Traveling today’s gentle tide
with new appreciation
no matter our doings here
sun keeps its own course.
from the ground, a growing sense:
balance is a distant star.
Renga for the Fifth Season | Cartography Primer No 2
Saturday, September 27, 2014
2pm | 18 Phats Valley Road, Truro, MA
Cartography Primer is a series of workshops that will investigate the Pamet Marsh area through mapping and exploratory exercises. Cartography Primer No 2 will take place Saturday, September 27th at 2pm, at Phats Valley Residency in Truro, MA and will be led by artists-in-residence Oliver Kellhammer and smudge studio.
“The sun and the moon are eternal voyagers; the years that come and go are travelers too. For those whose lives float away on boats, for those who greet old age with hands clasping the lead ropes of horses, travel is life, travel is home.”
—From Narrow Road to Interior, Matsuo Bashō (松尾 芭蕉), translated by Helen Craig MCCullough
In the spring of 1689, Japanese poet Matsuo Bashō set out on a five-month journey in Japan. His experiences are documented in his book, Narrow Road to the Interior, also known as The Narrow Road to the Deep North. While traveling, Bashō drew upon and further developed a 500-year old practice of collaborative haiku poetry called renga. Bashō’s style of renga included juxtapositions of place, events and allusions to literary, historic and mythic sources. Renga, in its most basic form, is recognized as being inherently collaborate (linked verses by multiple authors build upon each other’s words), inspired by the environmental and social contexts of the moment (such as what trees are in bloom, what stage the moon is in, and who is present at the time of the renga writing “party”), and responsive to the impermanence of the moment.
On Saturday, September 27th, artists-in-residence Oliver Kellhammer and smudge studio will practice a contemporary translation of Bashō’s collaborate, time-based poetic form and journey-based practice for Cartography Primer No. 2. They will use that translation to produce a collaborative, renga-inspired work that speaks to the impermanence and continuous renewal of “place” and daily life: the change that makes the world.
Today a renga-like creative practice that responds to the unfolding contexts of its own production would involve many social and environmental conditions unknown to Basho. Indeed, the material conditions of daily life in 2014 are barely understood by those of us who are living them.
For our renga-inspired event, we will invite participants to attune to ephemerality, impermanence and change by walking and pausing in Truro. We will ask guests to spend an hour with “the change that makes this place.” We will invite them to use words, diagrams, sketches and found objects to creatively respond to local events and experiences of change as it plays out across their time-based experiences of “this place.” The exact site and route of travel will be shaped by what is present at the event: people, weather, light, season, affordances.

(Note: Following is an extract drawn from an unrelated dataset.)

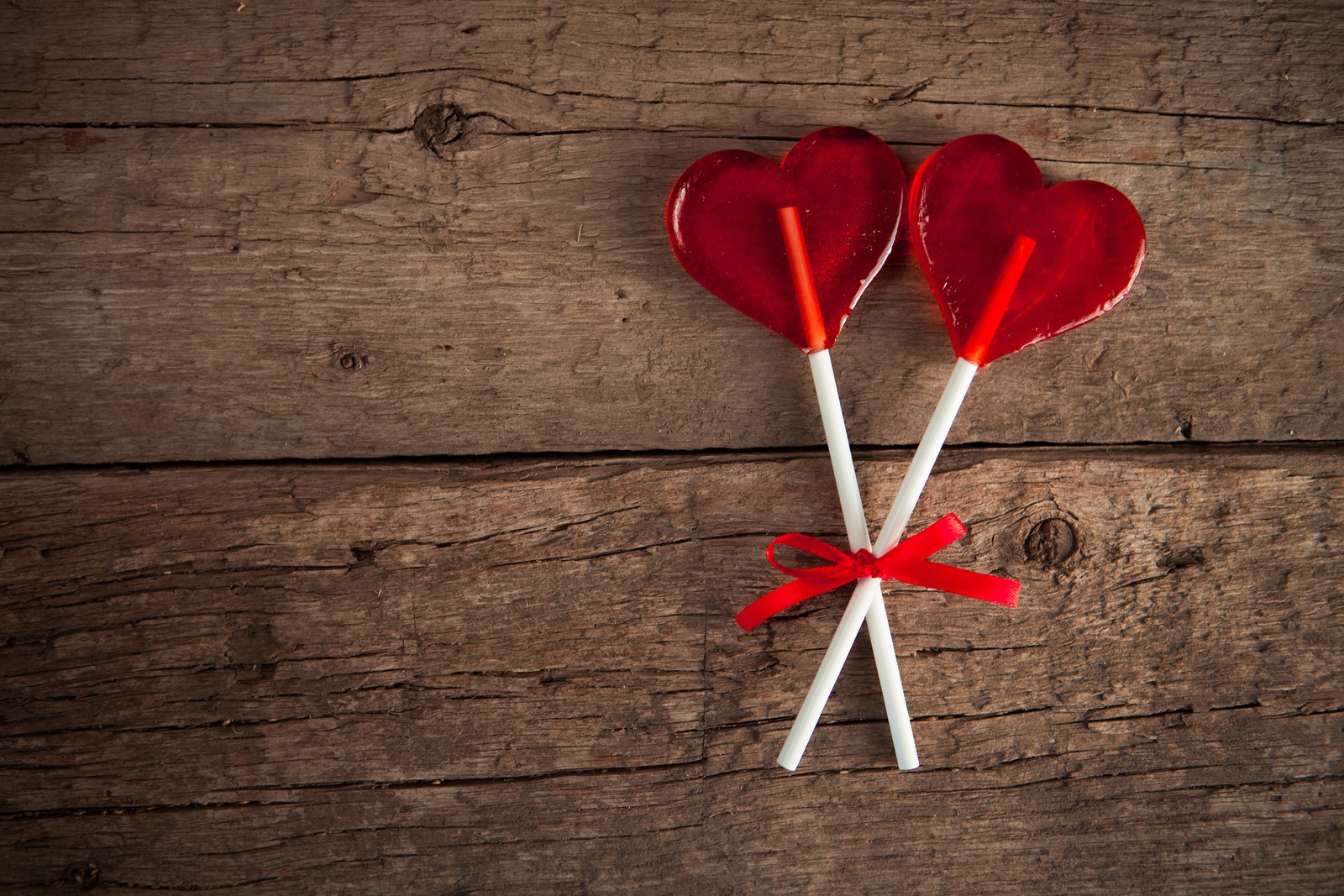 Deux sucettes rouges en forme de cœur attachées à une table en bois (cœur, rouge, amour, fleur, pétale)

We will then gather around a large scroll of paper. Together, we will create a collaborative, renga-like work on the scroll: a flowing, “call and response” sequencing of words, images and objects that poetically link our collected, incomplete, and ephemeral experiences of “place”.
The resulting renga-like work will take up challenges and possibilities that are offered by change, as it propels all humans into uncertain but linked futures. We will seek ways to share this work with a public audience.
The Cartography Primer is a workshop series held in conjunction with the Phats Valley residency program. Through walking tours, mapping and other means, we uncover and document the unique history of the site. Phats Valley Residency is administered by The Nomadic Department of the Interior (NDOI), a creative research group co-founded by Ann Chen and Davey Field.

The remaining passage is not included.